Y a todo esto hay que añadir la constante presión migratoria que vamos a sufrir durante los próximos años, a la que no se sabe muy bien cómo vamos a hacer frente porque exigirá grandes cantidades de recursos públicos y de paciencia y de comprensión. Porque es muy difícil que alguien quiera vivir en países destrozados por la guerra y por la crisis económica, como Siria e Irak y Yemen -pero también Libia y Egipto-, si esa persona tiene una esperanza, por remota que sea, de encontrar una casa y un trabajo en Europa. Y para rematarlo todo, el yihadismo va a ponernos las cosas muy difíciles en los próximos tiempos, aunque en nuestro país no seamos muy conscientes de la amenaza y prefiramos vivir como si eso no fuera con nosotros. Y en este sentido, es curioso que las series de televisión, como Los nuestros o El príncipe, hayan abierto los ojos a mucha gente que hasta ahora prefería pensar que los atentados del 11-M, por ejemplo, se debieron casi por completo a la «locura genocida de Aznar», como todavía se puede leer en muchos sitios. Y aun así, hay una gran parte de la población que no es capaz de percibir el problema del yihadismo, o peor aún, que quiere vivir como si ese problema no existiera en absoluto. Es decir, que Europa vive bajo unos nubarrones que amenazan con hacerse permanentes. Y nosotros, por fortuna, también somos Europa.

Y una de las cosas que más miedo da en esta situación es la escasa capacidad de los políticos para tomar decisiones que puedan ser incómodas o impopulares. Si quitamos a Angela Merkel, que ha aceptado a un cupo de refugiados inimaginable en otros países de Europa -¿quién la llamará ahora nazi y austericida?-, los demás políticos europeos están adoptando la técnica del avestruz, cuando no están jugando con fuego -como el húngaro Orban- al alimentar un discurso xenófobo y violento que a la larga puede ser muy peligroso. Porque es muy posible que todos los que ahora mismo gritan «¡Que hagan algo por los refugiados!», sean los mismos que dentro de diez meses chillen como energúmenos nazis si un sábado por la mañana van a jugar el partido de futbito al polideportivo y se lo encuentran ocupado por un grupo de refugiados sirios a los que ha habido que alojar allí. Y es que la gente grita «Que hagan algo», pero siempre se trata de los demás, o del Estado, o las administraciones, sólo unas pocas personas decentes -y benditas sean- se atreve a ofrecer su casa para alojar a esos refugiados. Y repito: ése es el problema. Y mientras las cosas sigan así, no se irán los nubarrones durante mucho, mucho tiempo.

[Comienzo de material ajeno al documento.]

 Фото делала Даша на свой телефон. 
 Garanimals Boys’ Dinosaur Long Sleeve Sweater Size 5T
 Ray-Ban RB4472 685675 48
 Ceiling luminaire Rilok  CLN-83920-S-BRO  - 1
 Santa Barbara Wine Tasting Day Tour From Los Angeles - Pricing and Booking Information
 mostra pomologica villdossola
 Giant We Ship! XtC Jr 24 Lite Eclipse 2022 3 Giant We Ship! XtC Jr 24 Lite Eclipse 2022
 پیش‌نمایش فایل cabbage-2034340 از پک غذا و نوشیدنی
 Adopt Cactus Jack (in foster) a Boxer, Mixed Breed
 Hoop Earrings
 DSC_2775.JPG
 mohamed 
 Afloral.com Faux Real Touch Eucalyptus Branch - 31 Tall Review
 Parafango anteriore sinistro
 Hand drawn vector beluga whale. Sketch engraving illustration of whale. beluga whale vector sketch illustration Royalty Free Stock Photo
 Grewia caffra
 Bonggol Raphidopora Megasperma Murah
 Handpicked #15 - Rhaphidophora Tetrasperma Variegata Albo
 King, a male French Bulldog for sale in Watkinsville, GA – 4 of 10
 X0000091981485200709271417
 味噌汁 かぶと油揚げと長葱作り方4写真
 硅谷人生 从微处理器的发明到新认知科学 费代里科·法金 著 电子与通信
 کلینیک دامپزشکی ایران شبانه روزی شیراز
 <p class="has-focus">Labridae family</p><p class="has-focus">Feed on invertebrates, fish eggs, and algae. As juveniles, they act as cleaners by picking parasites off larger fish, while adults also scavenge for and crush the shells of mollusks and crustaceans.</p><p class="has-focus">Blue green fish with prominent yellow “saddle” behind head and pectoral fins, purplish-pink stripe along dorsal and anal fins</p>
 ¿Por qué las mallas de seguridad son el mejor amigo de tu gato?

Y una última reflexión: en estos tiempos hace falta gobernar con coraje y con determinación, y hay que decir lo que uno piensa, y no vale escudarse en una hipotética decisión popular para revelar las ideas que uno tiene. Un político verdadero debe decir lo que piensa de la independencia catalana, o de la consulta soberanista, o de la acogida de refugiados, sin escurrir el bulto con declaraciones huecas del tipo «haré lo que decidan los ciudadanos» o «yo quiero lo que el pueblo quiera». Porque esto, siento decirlo, es una tomadura de pelo de proporciones gigantescas. Si usted, señor político, no tiene una idea propia sobre estas cuestiones, más vale que se retire de la política ahora mismo y se dedique a otra cosa. A la meteorología, por ejemplo.